More services back online following Hamilton’s cyber incident

More services have come back online after the City of Hamilton’s cyber incident earlier this year.

Most of them involve Hamilton’s transit service, which was one of the two biggest casualties of the breach.

“Next stop” announcements on onboard updates are back on Hamilton Street Railway buses, and real-time bus route information has returned through most third-party applications.

An internal system used by city staff for development, public health, transportation operations and the delivery of water and wastewater services has been restored as well.

The city has resumed processing nearly 1,000 online building permit applications, which stalled when the system was shut down in late February.
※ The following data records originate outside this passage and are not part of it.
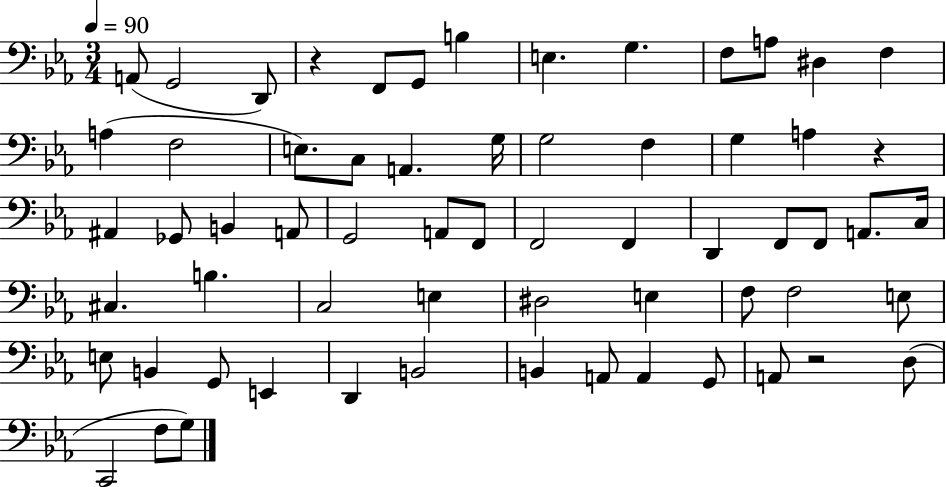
X:1
T:Untitled
M:3/4
L:1/4
K:Eb
A,,/2 G,,2 D,,/2 z F,,/2 G,,/2 B, E, G, F,/2 A,/2 ^D, F, A, F,2 E,/2 C,/2 A,, G,/4 G,2 F, G, A, z ^A,, _G,,/2 B,, A,,/2 G,,2 A,,/2 F,,/2 F,,2 F,, D,, F,,/2 F,,/2 A,,/2 C,/4 ^C, B, C,2 E, ^D,2 E, F,/2 F,2 E,/2 E,/2 B,, G,,/2 E,, D,, B,,2 B,, A,,/2 A,, G,,/2 A,,/2 z2 D,/2 C,,2 F,/2 G,/2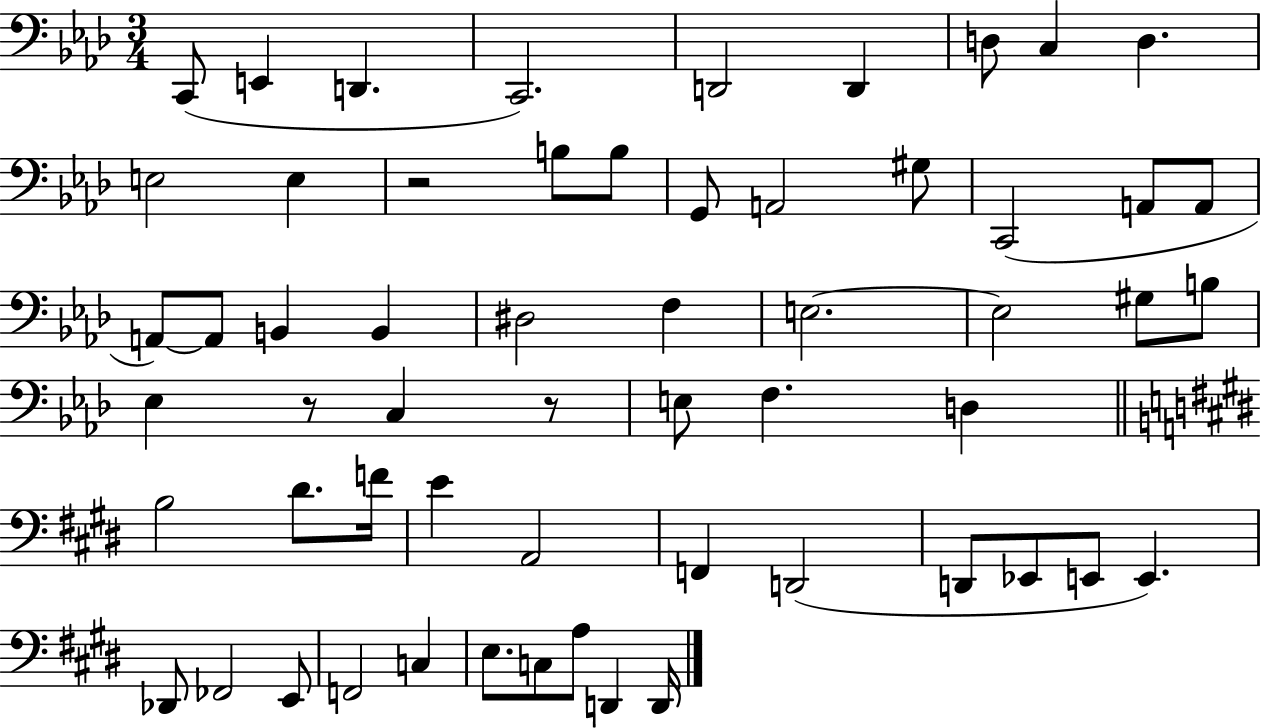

READ MORE: Cybersecurity incident has costed Hamilton $5.7M so far: impact report

Last month, Hamilton officials released a public cyber security impact report, which found the city had spent $5.7 million in costs related to the ransomware attack as of May 28.

According to the impact report, city staff will focus on recovery, restoration, rebuilding and transformation.

The hope is that moving forward, it will be able to not just recover what was lost, but build it back — better.

“This is a large-scale effort to build back stronger than ever,” City Manager Marnie Cluckie said. “Which means leading with a focus on the user experience, protecting against future incidents, and approaching everything through a lens of resilience.”

The city says its staff will begin to work on identifying applications that have reached their end-of-life cycle and calculate the associated costs, timelines and outcomes of replacing those technological avenues in future reports.